The task
Your reply should restate the lines from the top of the entries through the line containing "Mercedes-Benz E 250" word for word, with no pictures.

# # # # #

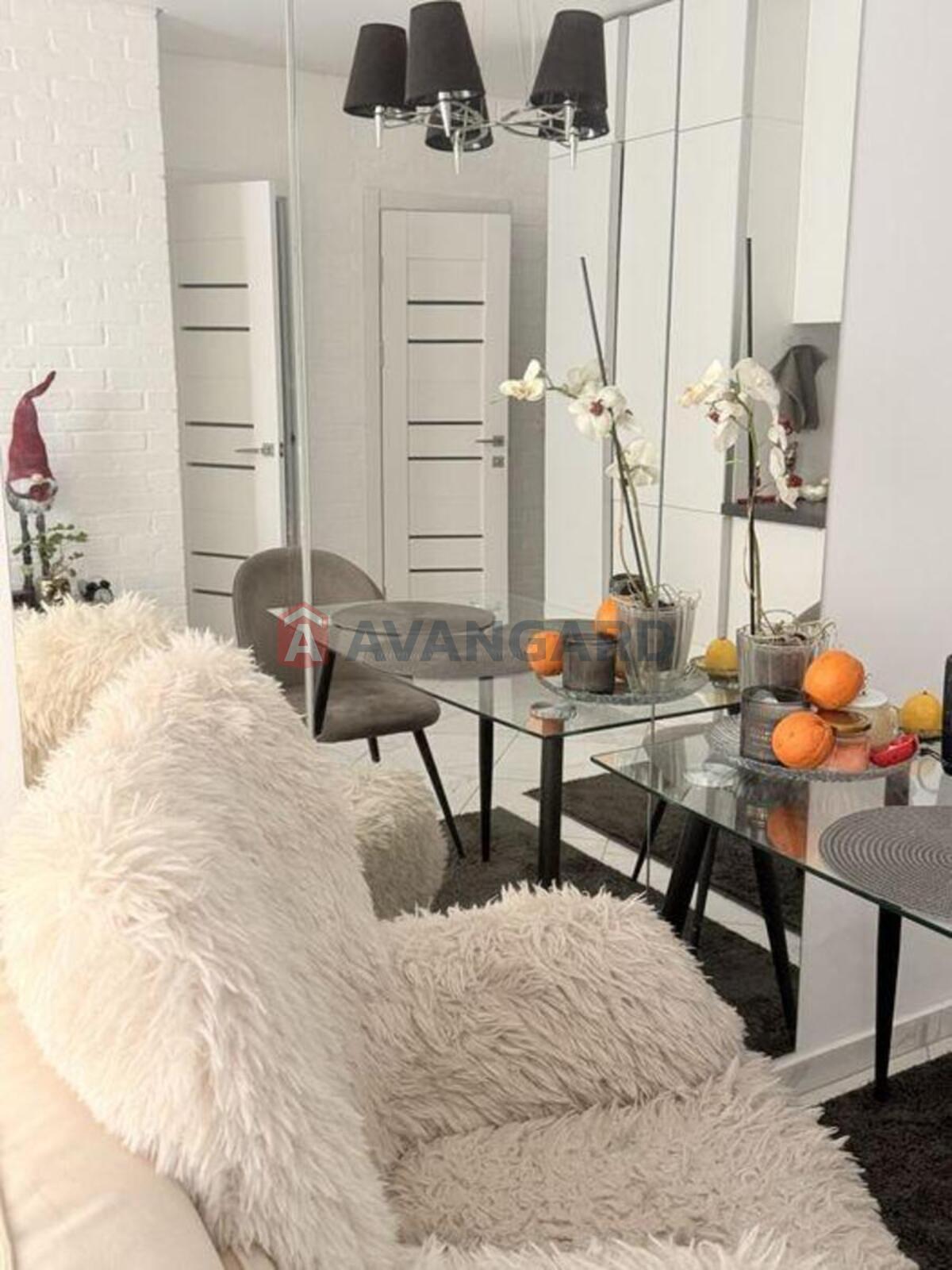 1 ��. ��������, 38/-/22 ��. �., 1/5 ������ ���� 3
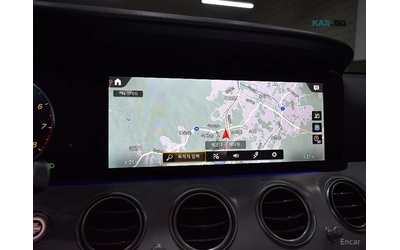 Mercedes-Benz E 250 ПАМЕТ* КАМЕРА* DIGITAL* DISTRONIC* ПОДГРЕВ* ПАНО* - автомобили, коли, обяви за нови и употребявани 4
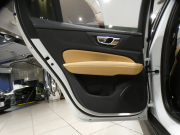 ボルボ V60 V60ｸﾛｽｶﾝﾄﾘｰ ｱﾙﾃｨﾒｯﾄB5 AWD　1ｵｰﾅｰ 追ACC･LKA･ BLIS 茶革 全席ﾋｰﾀｰ ﾍﾞﾝﾁﾚｰﾀｰ ﾏｯｻｰｼﾞ ☆ﾊﾟﾉﾗﾏSR ☆ｸﾘｽﾀﾙｼﾌﾄﾉﾌﾞ  ﾀｯﾁｽｸﾘｰﾝGoogleﾅﾋﾞ harman/K 全周ｶﾒﾗ LEDﾗｲﾄ ｵｰﾄﾃｰﾙｹﾞｰﾄ 19AW B5EG+ﾓｰﾀｰ　2年保証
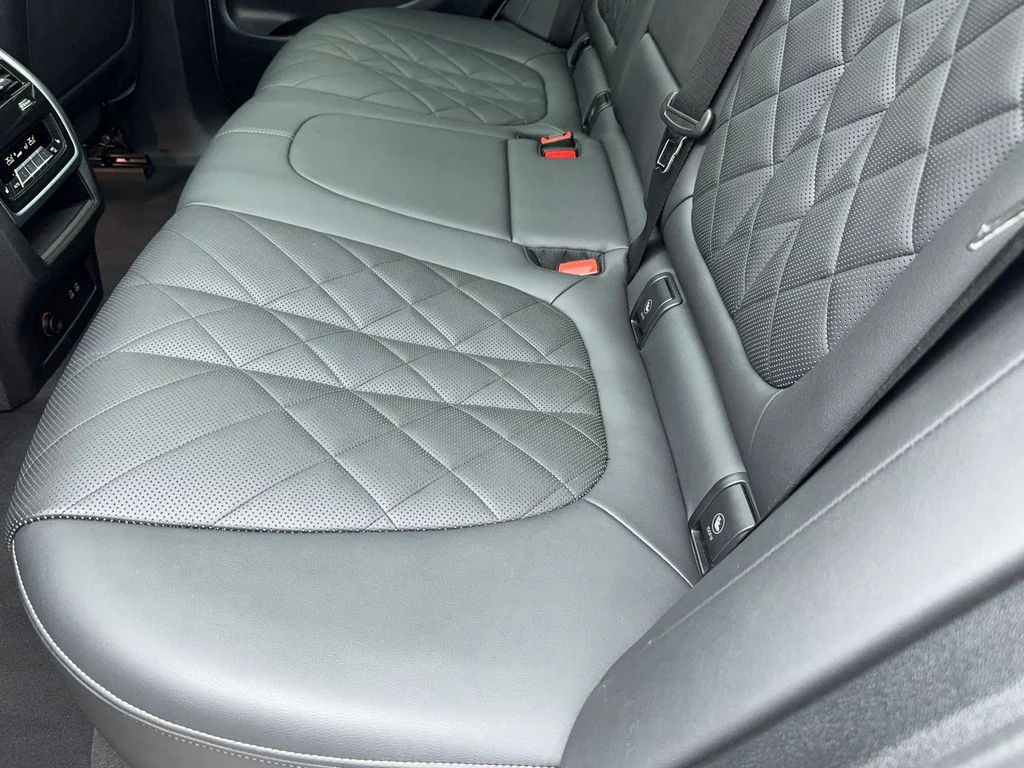 Used 2024 White BMW sDrive40i X LINE,NAV,CAM,PANO,CLMT STS,HEADS UP image 45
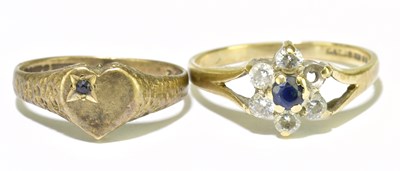 Lot 129 - Two 9ct yellow gold rings, size of largest L,...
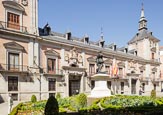 Thumbnail image of Casa de la Villa (former Town Hall) in Plaza de la Villa with arch to Casa de Cisneros, Madrid, Spai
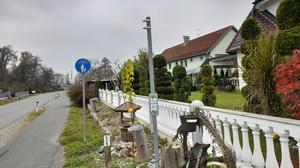 Die Hinweisschilder an der Haltestelle in Gabersdorf wurden abmontiert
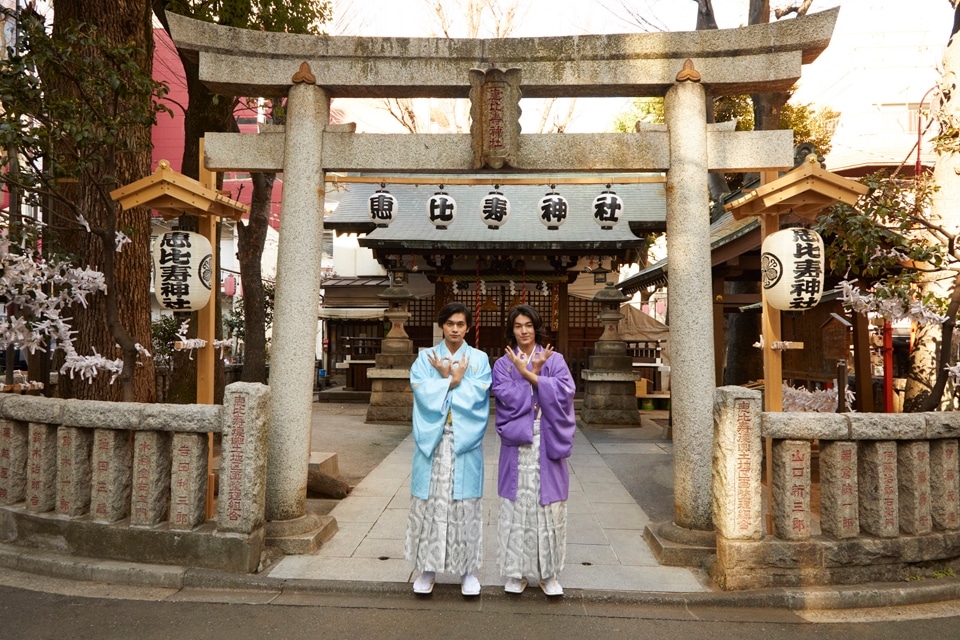 北村匠海（右）と矢部昌暉（左）。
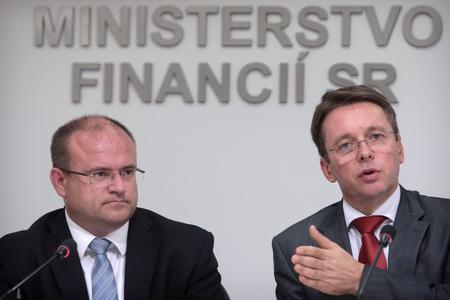 Labour Minister Jozef Mihál (left) and Finance Minister Ivan Mikloš.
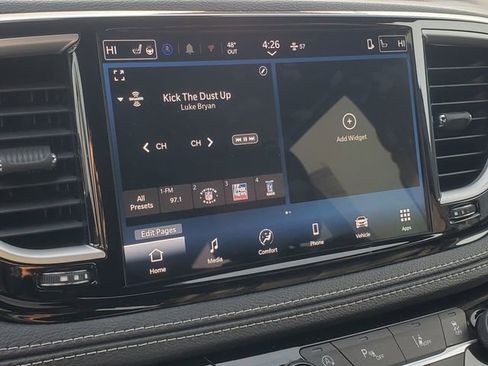 New 2026 Chrysler Pacifica Select image 16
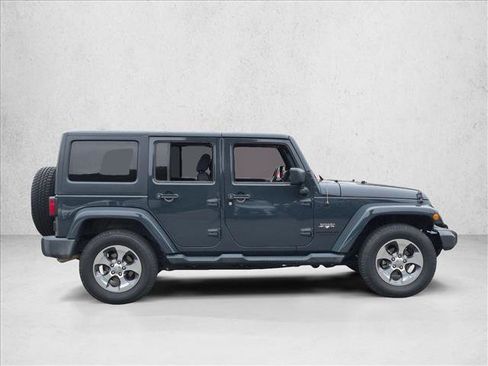 Used 2016 Jeep Wrangler Unlimited Sahara AWD/4WD image 4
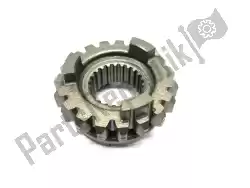 Here you can order the gear,6th driven from Suzuki, with part number 2436136E03:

# # # # #

Answer to this problem
 1 ��. ��������, 38/-/22 ��. �., 1/5 ������ ���� 3
 Mercedes-Benz E 250 ПАМЕТ* КАМЕРА* DIGITAL* DISTRONIC* ПОДГРЕВ* ПАНО* - автомобили, коли, обяви за нови и употребявани 4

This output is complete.